Writing believable characters with which an audience can have a cognitive and emotional connection is the key to an excellent story. A believable character, one that allows us to suspend our disbelief and immerse ourselves in the narrative, is a character at odds with a fundamental drive of the author as a human being.
We don't, in our daily interactions, reveal the whole of ourselves. It is in our best interests and in our very nature to present those aspects of ourselves that are most advantageous, most desirable and least likely to spark conflict. We strive to perfect ourselves, at least publicly, minimising and obscuring our flaws as best we are able.
Part of the problem is that we are all too aware of our own flaws and cognisant that others share similar failings, we know that nobody is perfect even in a world where everyone is trying hard to look like just that. We're also pretty good at finding each other's shortcomings, and picking out the patterns of behaviour that they cause; observing how our flaws influence our choices and our actions.
It is because of this that the perfect character in a fictional work jars and disinterests us.
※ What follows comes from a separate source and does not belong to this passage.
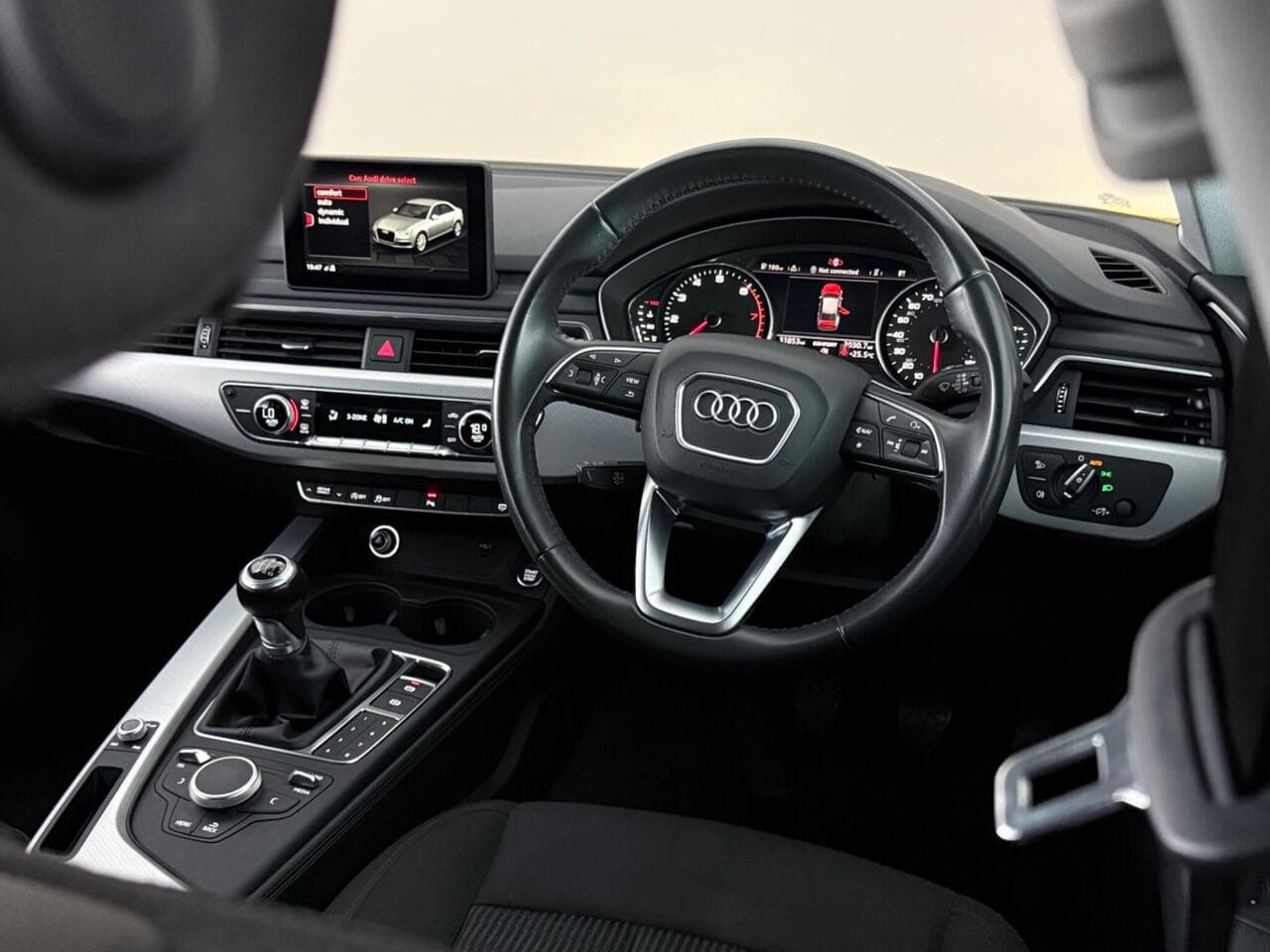 Audi A4 thumbnail Interior Front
We find it hard to invest in a persona that embodies what we strive for but can never achieve: flawlessness. We know that despite our efforts to the contrary we cannot master every discipline, make all the correct decisions and understand every problem. We reject any portrayal that gets too close to this ideal person.
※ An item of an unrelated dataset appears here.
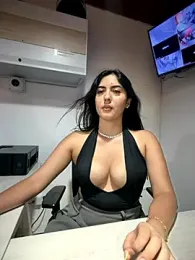 Sofia_Collins- webcam model stream image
There are narrative problems with the perfect character. They become predictable, they always have the answer, the talent or the knack. They always get the girl, are far too smooth and far too important. They become rapidly predictable and sickening in their perfect influence. The ideal outcome is always guaranteed for these über-humans. Tension and suspense fall by the wayside as our expectation is of imminent success.
A good character mirrors the imperfection we hold in, that we like to believe is a secret and still take comfort in our knowledge that it is ubiquitous.